Location
- Olongapo City, Zambales Philippines 14°50′20″N 120°18′48″E﻿ / ﻿14.83879°N 120.31331°E

Information
- Type: Science High School
- Motto: Scientia Vinces (Through Knowledge, We Win)
- Established: 1994
- Principal: Soledad E. Pozon
- Grades: 7 to 12
- Language: English, Filipino
- Campus: East Kalayaan, Subic Bay Freeport Zone, Olongapo City
- Colors: Blue and Black
- Nickname: RegSci, Reggies
- Affiliations: Schools Division Office of Olongapo City Regional Science High School Union Department of Education (Philippines)
- School Publications: The Eagle (English) Ang Sanghaya (Filipino)

= Regional Science High School III =

Public high school in Olongapo, Philippines

Regional Science High School III (commonly known as RSHS III) is a science high school situated in East Kalayaan, within the Subic Bay Freeport Zone, in Olongapo City, Philippines. Established in 1994, the school offers a specialized science and mathematics-oriented curriculum tailored for academically adept adolescents. RSHS III comprises a junior high school and a senior high school with a focus on the STEM strand. The student body primarily consists of residents from nearby cities and provinces, with the majority hailing from Olongapo, Bataan, and Zambales.

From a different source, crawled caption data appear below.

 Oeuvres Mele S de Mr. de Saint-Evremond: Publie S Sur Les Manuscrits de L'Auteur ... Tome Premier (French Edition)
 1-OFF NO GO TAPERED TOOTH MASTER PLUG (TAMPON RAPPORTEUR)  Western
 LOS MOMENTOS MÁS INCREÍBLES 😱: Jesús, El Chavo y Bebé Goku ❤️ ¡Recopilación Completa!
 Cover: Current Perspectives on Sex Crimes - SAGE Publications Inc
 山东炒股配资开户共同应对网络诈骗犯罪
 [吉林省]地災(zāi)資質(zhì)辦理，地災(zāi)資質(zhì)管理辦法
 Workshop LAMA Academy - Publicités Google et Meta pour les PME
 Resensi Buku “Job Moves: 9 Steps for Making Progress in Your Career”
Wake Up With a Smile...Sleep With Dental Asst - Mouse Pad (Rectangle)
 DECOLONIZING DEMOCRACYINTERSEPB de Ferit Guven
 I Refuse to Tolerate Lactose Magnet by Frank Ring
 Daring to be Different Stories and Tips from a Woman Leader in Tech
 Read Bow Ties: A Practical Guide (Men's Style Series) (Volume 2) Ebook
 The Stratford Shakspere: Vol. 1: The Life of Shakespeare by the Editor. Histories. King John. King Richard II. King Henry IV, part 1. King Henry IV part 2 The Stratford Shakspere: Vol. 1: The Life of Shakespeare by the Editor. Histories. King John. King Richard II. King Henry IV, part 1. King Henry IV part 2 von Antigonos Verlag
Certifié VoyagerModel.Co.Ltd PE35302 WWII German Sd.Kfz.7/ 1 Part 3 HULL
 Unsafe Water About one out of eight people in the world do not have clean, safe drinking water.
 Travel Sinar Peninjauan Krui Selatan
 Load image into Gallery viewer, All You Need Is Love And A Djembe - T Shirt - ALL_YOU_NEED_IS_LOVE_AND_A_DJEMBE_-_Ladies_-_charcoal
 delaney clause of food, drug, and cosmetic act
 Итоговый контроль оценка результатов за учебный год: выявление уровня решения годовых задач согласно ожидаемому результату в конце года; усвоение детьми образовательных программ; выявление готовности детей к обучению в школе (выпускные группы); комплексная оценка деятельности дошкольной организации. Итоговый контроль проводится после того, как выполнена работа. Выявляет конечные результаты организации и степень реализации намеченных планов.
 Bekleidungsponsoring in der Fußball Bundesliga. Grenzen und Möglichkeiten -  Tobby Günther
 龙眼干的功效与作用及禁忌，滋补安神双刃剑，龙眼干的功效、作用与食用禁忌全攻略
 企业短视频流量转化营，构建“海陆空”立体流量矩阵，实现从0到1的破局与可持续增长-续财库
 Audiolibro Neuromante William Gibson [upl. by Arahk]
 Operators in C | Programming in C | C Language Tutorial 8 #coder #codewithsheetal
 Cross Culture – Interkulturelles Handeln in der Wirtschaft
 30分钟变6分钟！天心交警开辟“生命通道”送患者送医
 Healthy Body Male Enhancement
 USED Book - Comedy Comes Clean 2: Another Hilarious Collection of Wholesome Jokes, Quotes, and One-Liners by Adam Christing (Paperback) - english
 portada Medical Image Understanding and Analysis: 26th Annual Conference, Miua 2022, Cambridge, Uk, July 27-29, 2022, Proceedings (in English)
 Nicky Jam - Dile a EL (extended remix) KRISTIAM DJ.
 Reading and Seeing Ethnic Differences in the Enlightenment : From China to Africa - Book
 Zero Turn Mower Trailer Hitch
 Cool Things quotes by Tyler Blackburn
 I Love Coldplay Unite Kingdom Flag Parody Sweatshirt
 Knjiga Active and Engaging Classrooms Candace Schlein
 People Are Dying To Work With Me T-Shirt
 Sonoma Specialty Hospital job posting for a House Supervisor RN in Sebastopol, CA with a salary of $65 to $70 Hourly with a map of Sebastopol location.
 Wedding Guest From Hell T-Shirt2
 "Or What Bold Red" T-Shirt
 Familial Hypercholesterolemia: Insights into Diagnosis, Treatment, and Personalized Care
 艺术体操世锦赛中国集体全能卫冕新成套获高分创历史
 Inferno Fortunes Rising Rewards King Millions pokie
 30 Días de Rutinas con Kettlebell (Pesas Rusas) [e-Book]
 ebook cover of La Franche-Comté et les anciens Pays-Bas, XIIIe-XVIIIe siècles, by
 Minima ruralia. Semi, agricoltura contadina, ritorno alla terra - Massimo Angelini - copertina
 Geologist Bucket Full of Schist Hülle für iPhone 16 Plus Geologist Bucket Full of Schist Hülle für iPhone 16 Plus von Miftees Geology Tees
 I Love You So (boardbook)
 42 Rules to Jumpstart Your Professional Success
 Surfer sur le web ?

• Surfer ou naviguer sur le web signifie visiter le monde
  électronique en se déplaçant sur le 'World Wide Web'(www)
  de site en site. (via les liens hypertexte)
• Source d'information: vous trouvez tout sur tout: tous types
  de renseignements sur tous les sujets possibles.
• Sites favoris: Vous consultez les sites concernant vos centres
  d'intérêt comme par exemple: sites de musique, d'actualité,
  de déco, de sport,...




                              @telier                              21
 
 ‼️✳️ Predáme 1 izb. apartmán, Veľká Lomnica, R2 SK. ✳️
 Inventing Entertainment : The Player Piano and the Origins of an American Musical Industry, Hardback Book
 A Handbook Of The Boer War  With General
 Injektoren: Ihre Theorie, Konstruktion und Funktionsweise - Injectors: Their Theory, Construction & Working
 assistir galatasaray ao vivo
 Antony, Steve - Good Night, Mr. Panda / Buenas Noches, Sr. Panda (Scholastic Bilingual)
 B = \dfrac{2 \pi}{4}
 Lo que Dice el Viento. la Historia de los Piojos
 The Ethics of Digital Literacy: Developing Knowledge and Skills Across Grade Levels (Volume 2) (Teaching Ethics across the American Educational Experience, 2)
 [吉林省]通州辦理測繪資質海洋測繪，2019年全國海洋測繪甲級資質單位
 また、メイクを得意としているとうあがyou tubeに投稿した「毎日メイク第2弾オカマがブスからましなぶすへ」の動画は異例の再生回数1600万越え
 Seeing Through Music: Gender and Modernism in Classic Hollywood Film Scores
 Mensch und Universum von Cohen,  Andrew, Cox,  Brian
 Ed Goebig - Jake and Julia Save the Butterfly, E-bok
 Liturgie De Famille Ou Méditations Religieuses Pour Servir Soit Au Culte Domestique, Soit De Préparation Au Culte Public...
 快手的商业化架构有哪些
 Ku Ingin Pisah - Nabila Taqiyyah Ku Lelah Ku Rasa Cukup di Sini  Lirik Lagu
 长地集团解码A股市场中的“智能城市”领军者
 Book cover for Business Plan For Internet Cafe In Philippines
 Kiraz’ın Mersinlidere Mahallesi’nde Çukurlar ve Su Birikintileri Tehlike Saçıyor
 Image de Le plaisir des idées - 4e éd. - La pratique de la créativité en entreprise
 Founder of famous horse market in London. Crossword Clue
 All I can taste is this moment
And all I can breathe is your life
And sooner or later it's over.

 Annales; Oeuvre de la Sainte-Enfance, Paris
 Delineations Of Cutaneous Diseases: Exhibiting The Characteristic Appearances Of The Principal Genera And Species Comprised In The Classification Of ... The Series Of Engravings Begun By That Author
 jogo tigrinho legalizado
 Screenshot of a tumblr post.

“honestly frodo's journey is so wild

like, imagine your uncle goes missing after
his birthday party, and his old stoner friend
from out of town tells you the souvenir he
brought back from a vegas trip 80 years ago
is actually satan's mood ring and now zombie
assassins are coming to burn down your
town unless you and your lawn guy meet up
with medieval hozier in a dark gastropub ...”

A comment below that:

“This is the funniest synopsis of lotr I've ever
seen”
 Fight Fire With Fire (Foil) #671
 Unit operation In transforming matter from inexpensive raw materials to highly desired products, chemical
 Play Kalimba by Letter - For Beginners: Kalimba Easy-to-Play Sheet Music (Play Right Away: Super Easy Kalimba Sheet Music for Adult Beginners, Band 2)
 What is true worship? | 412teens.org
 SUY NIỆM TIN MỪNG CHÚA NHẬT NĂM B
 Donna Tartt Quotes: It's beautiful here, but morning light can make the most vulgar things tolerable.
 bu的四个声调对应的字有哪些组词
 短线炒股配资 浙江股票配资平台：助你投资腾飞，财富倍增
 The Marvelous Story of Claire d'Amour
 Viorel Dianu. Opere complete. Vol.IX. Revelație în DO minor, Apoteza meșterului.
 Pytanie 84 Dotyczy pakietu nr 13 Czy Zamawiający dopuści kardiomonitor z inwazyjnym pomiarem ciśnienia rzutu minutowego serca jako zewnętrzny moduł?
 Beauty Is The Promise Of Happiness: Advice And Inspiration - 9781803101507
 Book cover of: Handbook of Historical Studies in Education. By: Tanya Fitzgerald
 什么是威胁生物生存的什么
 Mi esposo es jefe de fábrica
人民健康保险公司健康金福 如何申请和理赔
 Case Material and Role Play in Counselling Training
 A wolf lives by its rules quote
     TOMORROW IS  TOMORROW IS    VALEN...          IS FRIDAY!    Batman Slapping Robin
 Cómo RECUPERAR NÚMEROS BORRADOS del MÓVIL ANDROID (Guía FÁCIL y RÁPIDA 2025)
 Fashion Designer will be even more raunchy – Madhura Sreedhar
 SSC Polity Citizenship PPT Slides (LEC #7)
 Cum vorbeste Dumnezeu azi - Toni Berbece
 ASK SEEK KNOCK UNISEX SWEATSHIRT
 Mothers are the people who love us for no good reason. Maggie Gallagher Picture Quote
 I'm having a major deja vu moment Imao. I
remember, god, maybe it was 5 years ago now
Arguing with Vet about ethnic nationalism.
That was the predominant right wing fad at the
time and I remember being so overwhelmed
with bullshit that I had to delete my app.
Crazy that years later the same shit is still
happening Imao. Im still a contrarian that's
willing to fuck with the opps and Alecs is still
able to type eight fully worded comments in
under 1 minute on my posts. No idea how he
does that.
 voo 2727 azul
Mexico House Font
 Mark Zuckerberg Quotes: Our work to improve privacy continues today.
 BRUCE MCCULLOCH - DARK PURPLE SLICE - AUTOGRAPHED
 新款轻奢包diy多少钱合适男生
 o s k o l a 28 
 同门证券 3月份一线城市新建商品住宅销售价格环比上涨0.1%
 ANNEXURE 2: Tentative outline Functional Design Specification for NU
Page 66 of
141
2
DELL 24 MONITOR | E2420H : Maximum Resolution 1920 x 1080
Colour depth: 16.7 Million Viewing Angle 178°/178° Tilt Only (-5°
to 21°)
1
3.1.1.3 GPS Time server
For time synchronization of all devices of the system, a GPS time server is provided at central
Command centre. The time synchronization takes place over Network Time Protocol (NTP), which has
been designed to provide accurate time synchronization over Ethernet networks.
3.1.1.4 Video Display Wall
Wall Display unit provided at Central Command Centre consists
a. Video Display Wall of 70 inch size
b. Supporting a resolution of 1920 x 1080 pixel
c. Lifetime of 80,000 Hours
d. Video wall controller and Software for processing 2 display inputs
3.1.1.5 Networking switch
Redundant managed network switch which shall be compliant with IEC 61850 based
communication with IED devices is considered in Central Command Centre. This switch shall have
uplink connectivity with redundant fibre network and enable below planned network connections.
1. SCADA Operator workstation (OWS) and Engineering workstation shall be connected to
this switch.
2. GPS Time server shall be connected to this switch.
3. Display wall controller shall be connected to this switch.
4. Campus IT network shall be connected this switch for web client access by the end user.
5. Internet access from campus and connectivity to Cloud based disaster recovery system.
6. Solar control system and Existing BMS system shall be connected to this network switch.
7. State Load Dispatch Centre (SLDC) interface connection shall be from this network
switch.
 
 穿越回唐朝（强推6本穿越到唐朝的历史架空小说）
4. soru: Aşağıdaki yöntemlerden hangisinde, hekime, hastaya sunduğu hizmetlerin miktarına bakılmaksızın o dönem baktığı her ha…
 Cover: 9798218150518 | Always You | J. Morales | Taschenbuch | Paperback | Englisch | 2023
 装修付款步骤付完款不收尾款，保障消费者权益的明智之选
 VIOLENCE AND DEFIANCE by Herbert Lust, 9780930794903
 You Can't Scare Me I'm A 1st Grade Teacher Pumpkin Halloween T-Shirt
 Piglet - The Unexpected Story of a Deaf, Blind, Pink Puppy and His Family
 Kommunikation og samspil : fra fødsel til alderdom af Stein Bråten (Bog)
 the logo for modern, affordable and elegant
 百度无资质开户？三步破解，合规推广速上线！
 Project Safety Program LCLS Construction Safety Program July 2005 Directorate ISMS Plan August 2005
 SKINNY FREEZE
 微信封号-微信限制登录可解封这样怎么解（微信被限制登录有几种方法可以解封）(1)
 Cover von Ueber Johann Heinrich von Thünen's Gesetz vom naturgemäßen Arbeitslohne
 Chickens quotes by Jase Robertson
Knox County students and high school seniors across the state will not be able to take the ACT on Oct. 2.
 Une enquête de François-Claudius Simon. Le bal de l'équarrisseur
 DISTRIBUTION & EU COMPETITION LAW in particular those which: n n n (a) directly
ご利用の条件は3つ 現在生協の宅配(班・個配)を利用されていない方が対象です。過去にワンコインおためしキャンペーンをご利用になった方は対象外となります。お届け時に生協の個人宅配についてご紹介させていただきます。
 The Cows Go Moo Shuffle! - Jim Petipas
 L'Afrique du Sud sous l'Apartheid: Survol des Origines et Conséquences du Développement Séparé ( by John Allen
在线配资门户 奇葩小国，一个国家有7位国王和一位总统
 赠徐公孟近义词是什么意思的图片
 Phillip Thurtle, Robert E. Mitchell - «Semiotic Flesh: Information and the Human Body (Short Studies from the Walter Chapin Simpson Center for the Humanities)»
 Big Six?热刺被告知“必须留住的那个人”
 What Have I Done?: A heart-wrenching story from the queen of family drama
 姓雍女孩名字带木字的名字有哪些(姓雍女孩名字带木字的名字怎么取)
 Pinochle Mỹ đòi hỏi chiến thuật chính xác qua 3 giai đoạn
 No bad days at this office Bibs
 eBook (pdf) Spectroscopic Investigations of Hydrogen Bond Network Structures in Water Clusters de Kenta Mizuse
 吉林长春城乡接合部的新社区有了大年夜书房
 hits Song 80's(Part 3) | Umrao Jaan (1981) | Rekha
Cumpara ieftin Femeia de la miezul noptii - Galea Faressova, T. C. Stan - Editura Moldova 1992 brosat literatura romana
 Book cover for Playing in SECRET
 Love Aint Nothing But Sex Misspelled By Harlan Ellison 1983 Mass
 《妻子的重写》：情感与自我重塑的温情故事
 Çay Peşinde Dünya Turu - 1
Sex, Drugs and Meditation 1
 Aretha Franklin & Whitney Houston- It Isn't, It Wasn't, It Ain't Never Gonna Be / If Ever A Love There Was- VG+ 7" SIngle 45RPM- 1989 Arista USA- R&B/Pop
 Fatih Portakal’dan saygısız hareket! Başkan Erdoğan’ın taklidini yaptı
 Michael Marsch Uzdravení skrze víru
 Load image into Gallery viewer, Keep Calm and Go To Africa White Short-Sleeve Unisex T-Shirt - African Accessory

Since then, it has clinched various awards and representation in STEM-related competitions (Math, Science, Research) both in the national and international level

==History==
Regional Science High Schools were established in the Philippines under DECS Order No. 69 Series of 1993. These schools cater to above-average students with a strong inclination towards science and technology. They offer an advanced curriculum in Science, Math, and English, along with enriched programs and research opportunities not typically available in regular schools.

Originally situated at Angeles City High School in Angeles City, the school was later moved to Olongapo City National High School before officially opening its doors on June 6, 1994. Under the leadership of then-Olongapo Mayor Kate H. Gordon and SBMA Chairman Richard J. Gordon, the school was relocated once again to the former U.S. Naval Base Subic Bay within the Subic Bay Freeport Zone in Olongapo City, near present-day Mondriaan Aura College.

The school was again moved to its present location, in a former elementary school in East Kalayaan.

The building was initially constructed in the late 1950s by the United States Navy for the education of their dependent children and was originally named George Dewey Elementary School. It was later renamed Kalayaan Elementary School and operated under the administration of the Philippine Department of Defense.

==Environment==
The Regional Science High School is situated within one of the Philippines' remaining natural rainforests in the Subic Bay Freeport Zone, with an untouched forest reserve beyond the school fence. The existing school buildings were originally constructed for the education of U.S. naval officers' children during the American colonial occupation and have remained largely unchanged since then. Only a few structures on the campus were modified to accommodate the relocation of the high school.

==Exchange programs==
Since 2014, 12 students from Regional Science High School have participated as International Student Ambassadors and student exchange delegates to Tallwood High School in Virginia Beach, USA, as part of the Olongapo City-Virginia Beach Sister Cities Agreement program.